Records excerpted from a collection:
>>

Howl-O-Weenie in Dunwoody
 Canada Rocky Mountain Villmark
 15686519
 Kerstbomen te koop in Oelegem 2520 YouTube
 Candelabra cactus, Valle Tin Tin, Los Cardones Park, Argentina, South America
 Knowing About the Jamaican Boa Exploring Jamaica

<<

REQUIREMENT> Word for word, set down all the lines above.

SOLUTION TO THE EXERCISE>
Howl-O-Weenie in Dunwoody
 Canada Rocky Mountain Villmark
 15686519
 Kerstbomen te koop in Oelegem 2520 YouTube
 Candelabra cactus, Valle Tin Tin, Los Cardones Park, Argentina, South America
 Knowing About the Jamaican Boa Exploring Jamaica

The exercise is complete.